Que va-t-il se passer pour les fans Stadia ?
Histoire de ne pas se mettre tous ses clients à dos, Google a tout de même annoncé des remboursements et donné quelques détails sur la suite des évènements dans les prochains mois :
- Les abonnés auront toujours accès à leur bibliothèque de jeux jusqu’au 18 janvier 2023 afin de terminer vos jeux et éventuellement de transvaser vos sauvegardes sur d’autres plateformes lorsque c’est possible (ex : Destiny 2).
- Toutes les fonctions de commerce (achat de jeux/add-ons/contenus in-game, nouveaux abonnements, etc.) ont été définitivement désactivé dès à présent.
- Google va proposer un remboursement de tout le matériel Stadia que vous auriez pu acheter via le Google Store (Stadia Controller, Stadia Founder’s Edition, Stadia Premiere Edition, etc.) mais aussi tous les jeux et les microtransactions faites via le Stadia Store.

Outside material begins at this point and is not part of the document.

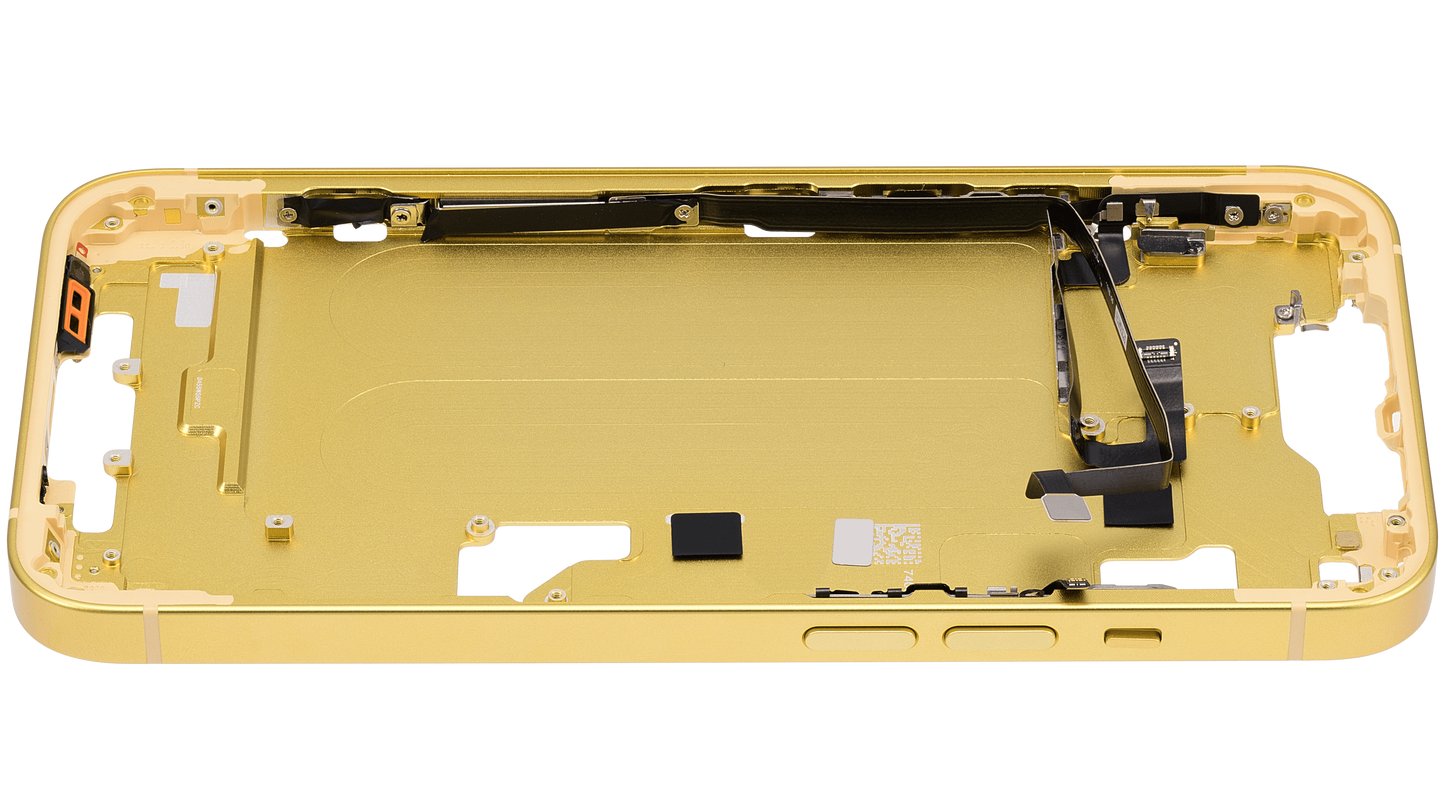 Mid-Frame Housing W/ Small Parts For iPhone 14 (US Version) (Aftermarket Plus) (Yellow)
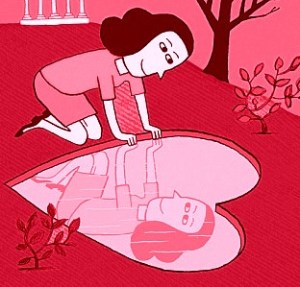 Woman gazing at self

- Le processus de remboursement va prendre quelques temps et devrait se terminer vers la mi-janvier 2023. Google demande donc aux personnes concernés de laisser le temps aux équipes de Stadia de travailler sur les remboursements et de ne contacter Stadia qu’à partir de la mi-janvier s’ils constatent ne pas avoir été remboursé dûment.
- A noter toutefois que les abonnements Stadia Pro passés ne sont remboursables. Si vous êtes encore abonné, vous pourrez évidemment utiliser le service jusqu’à sa fermeture définitive en janvier prochain.